By Leigh Thomas and Gerard Bon

Police watched the suspected mastermind of the Paris attacks being led by a woman into an apartment the evening before both died there in a raid by special forces, a police source has revealed.

After a tip-off from Morocco that Abdelhamid Abaaoud, one of Islamic State's most high-profile European recruits, was in France, police honed in on Hasna Aitboulahcen, a woman already under surveillance who was known to have links to him.

Police tapping her phone as part of a drugs investigation tracked her to the St Denis suburb north of Paris, also home to the stadium where three suicide bombers blew themselves up during last Friday's attacks that killed 130 people.

They watched the 26-year-old woman take Abaaoud into the St Denis building on Tuesday evening (local time).
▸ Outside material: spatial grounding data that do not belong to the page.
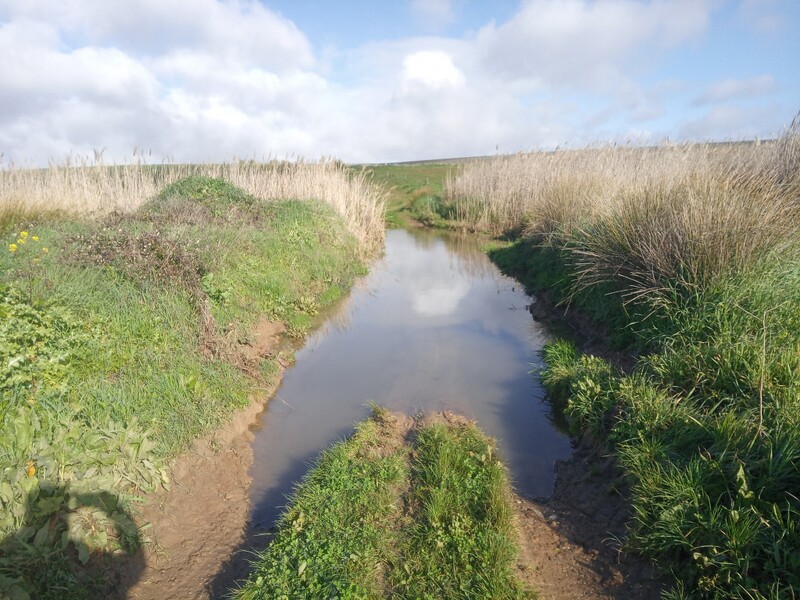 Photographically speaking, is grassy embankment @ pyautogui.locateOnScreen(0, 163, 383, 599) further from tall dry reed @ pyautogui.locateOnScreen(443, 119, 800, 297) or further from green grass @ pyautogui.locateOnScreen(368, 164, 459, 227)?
green grass @ pyautogui.locateOnScreen(368, 164, 459, 227)

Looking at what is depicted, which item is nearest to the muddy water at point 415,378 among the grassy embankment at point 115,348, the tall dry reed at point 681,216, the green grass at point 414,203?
the grassy embankment at point 115,348

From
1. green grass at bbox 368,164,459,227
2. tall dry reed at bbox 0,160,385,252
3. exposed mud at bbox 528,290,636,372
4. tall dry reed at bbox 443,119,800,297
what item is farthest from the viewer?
green grass at bbox 368,164,459,227

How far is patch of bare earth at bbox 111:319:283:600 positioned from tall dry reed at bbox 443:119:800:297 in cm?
482

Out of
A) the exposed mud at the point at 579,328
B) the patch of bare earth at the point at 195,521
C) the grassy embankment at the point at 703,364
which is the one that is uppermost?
the grassy embankment at the point at 703,364

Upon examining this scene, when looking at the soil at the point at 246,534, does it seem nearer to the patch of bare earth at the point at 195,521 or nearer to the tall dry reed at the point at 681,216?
the patch of bare earth at the point at 195,521

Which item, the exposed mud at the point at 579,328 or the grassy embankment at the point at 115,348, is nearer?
the grassy embankment at the point at 115,348

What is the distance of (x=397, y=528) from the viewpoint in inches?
136

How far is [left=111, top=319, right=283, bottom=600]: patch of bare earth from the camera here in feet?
10.5

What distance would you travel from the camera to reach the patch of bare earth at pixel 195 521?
10.5 feet

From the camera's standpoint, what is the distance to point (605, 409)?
15.1ft

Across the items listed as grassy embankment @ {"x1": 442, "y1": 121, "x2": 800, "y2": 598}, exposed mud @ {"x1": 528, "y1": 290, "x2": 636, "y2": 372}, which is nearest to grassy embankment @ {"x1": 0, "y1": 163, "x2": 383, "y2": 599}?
grassy embankment @ {"x1": 442, "y1": 121, "x2": 800, "y2": 598}

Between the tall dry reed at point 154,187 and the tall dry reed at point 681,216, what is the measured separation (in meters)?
5.36

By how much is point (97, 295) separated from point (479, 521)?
437cm

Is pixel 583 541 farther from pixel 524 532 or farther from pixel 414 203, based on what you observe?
pixel 414 203
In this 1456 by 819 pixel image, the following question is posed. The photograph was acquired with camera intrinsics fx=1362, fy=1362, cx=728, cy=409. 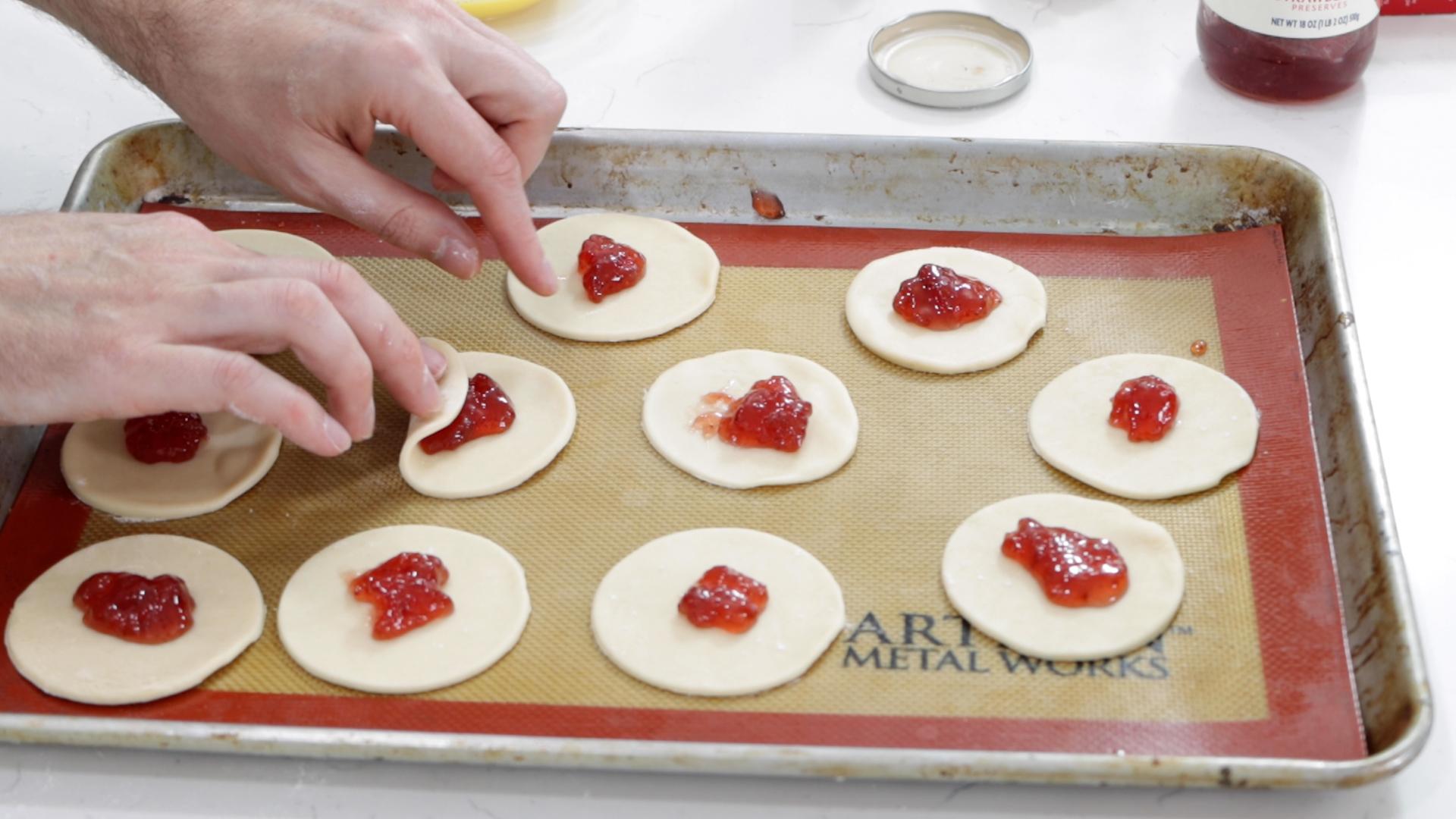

In the early hours of Wednesday, police launched an assault that lasted seven hours.

Abaaoud, 28, and Aitboulahcen, who may be his cousin, died during the gun battle during which French police commandos fired more than 5000 shots. A third person, who has yet to be identified, died with them.

Officials initially said Aitboulahcen had blown herself up, becoming Europe's first female suicide bomber, but a source close to the investigation said on Friday that a head blasted into the street by an explosive vest was not hers.

One of the police sources also said Abaaoud had been caught on camera at a suburban metro station, after the shootings and at cafes and restaurants in central Paris but while a massacre in the Bataclan concert hall was still under way.

He was seen on closed circuit TV at the Croix de Chavaux station in Montreuil, not far from where one of the cars used in the attacks was found, the source said.

In response to the Paris attacks, French police carried out raids across the country for a fifth day overnight on Thursday.

Abaaoud was spotted on the metro station CCTV tape at 10.14pm on Friday last week after the initial wave of attacks. Seven assailants died and a suspected eighth person, Salah Abdeslam, is still on the run.

Abaaoud was a petty criminal who went to fight in Syria in 2013 and European governments thought he was still there until Morocco said he was in France.

His own family has disowned him, accusing him of abducting his 13-year-old brother, who was later promoted on the internet as Islamic State's youngest foreign fighter in Syria.

EU interior and justice ministers in Brussels have pledged solidarity with France in the wake of the attacks and agreed a series of new measures on surveillance, border checks and gun control.

The 28 governments agreed to speed new legislation to share air passengers' data, curb firearms trafficking and ensure closer checks on EU citizens crossing Europe's external borders.